[EXERCISE REQUIREMENTS]: Below are some records. Return exactly their lines from the one containing "Stunning Seven Bedroom" through the one containing "Cheese Pizza", and drop the pictures.

[EXERCISE MATERIAL]:

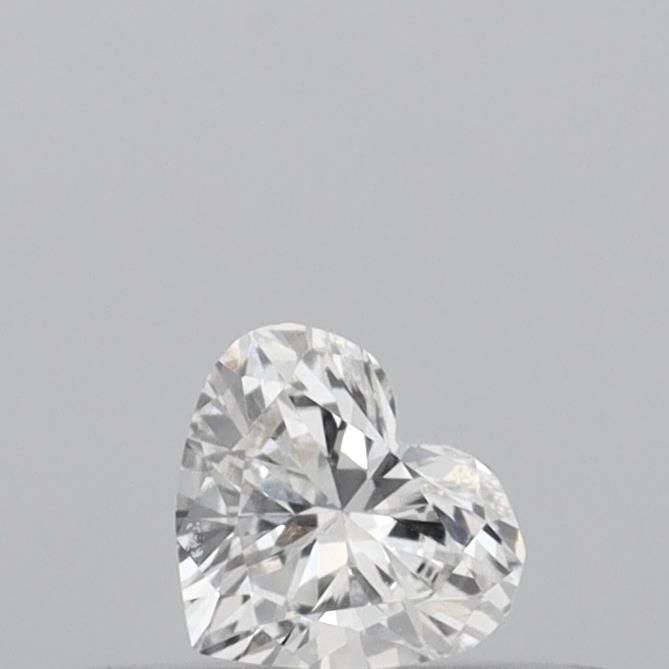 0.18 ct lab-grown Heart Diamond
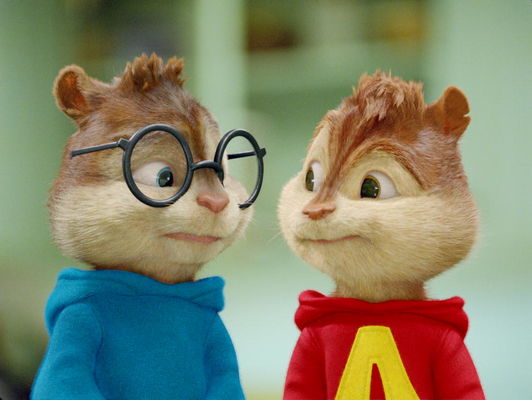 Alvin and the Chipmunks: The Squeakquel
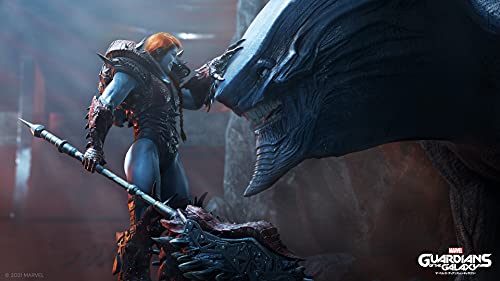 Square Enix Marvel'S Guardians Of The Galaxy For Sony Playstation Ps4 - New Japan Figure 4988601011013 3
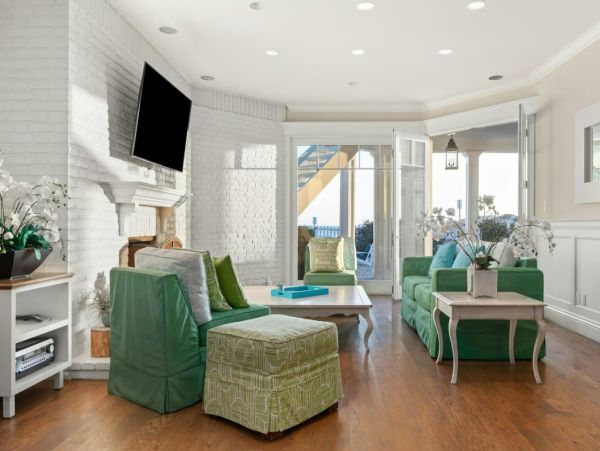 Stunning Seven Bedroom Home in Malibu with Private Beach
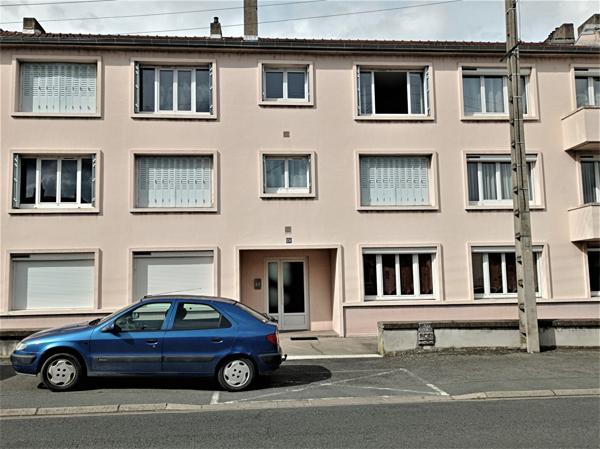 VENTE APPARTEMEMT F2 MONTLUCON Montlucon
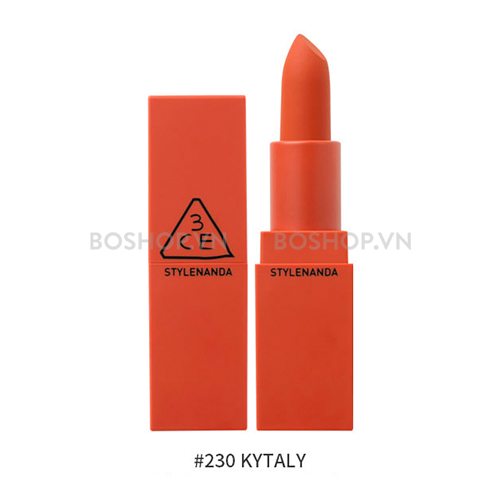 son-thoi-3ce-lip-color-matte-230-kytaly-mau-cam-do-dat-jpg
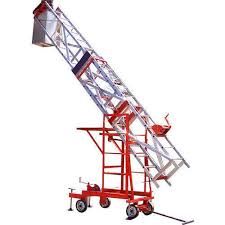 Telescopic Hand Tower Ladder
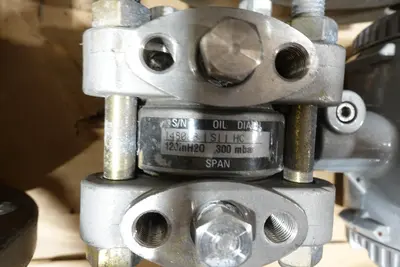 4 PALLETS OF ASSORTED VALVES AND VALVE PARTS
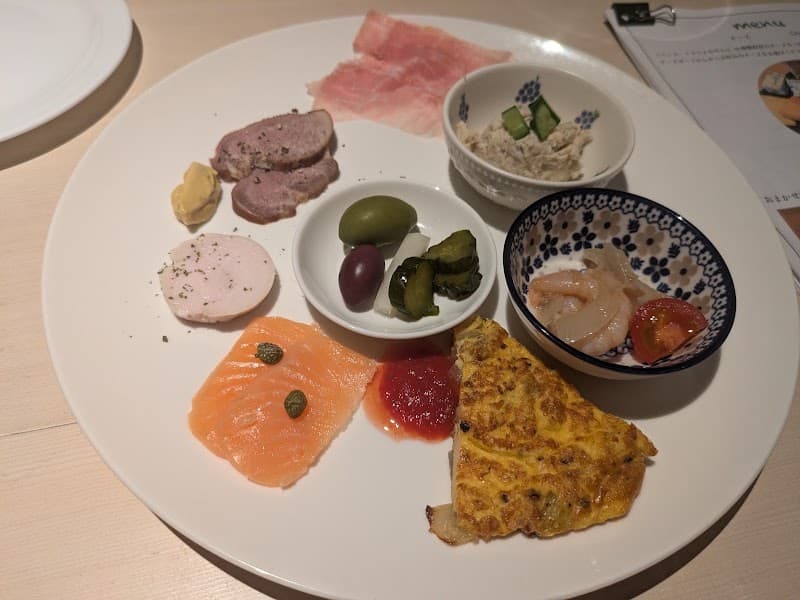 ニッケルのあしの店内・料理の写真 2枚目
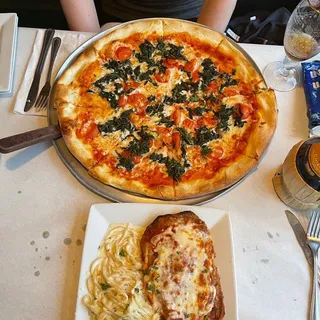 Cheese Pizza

---

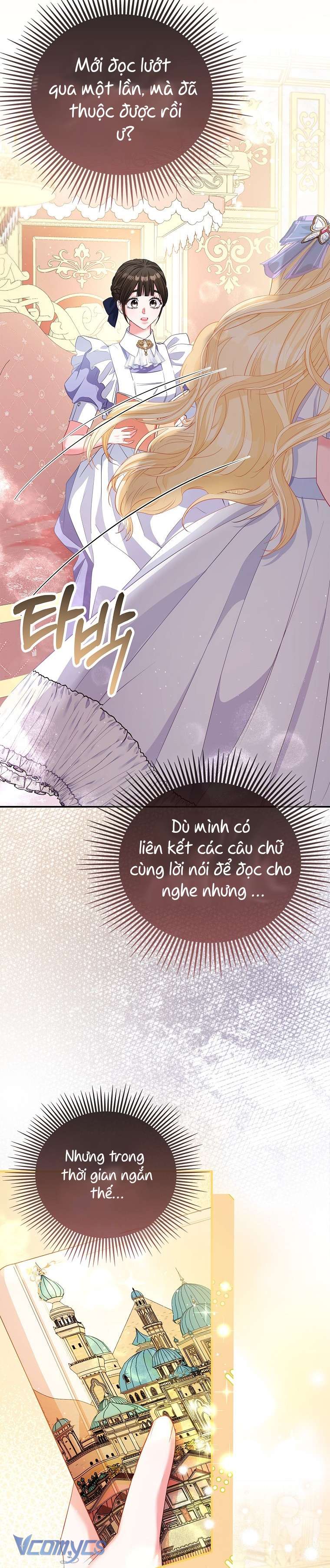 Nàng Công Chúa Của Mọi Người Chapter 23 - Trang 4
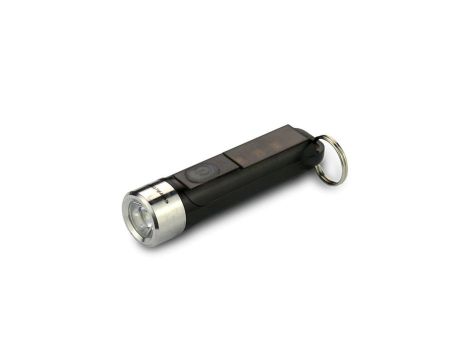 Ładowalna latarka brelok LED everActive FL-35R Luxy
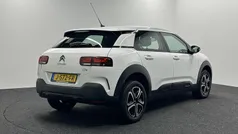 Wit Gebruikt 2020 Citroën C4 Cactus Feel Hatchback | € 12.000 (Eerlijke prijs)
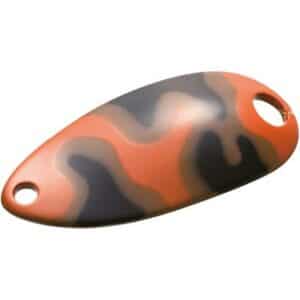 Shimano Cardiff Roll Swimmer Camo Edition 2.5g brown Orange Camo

[SOLUTION FOR THIS PROBLEM]:
 Stunning Seven Bedroom Home in Malibu with Private Beach
 VENTE APPARTEMEMT F2 MONTLUCON Montlucon
 son-thoi-3ce-lip-color-matte-230-kytaly-mau-cam-do-dat-jpg
 Telescopic Hand Tower Ladder
 4 PALLETS OF ASSORTED VALVES AND VALVE PARTS
 ニッケルのあしの店内・料理の写真 2枚目
 Cheese Pizza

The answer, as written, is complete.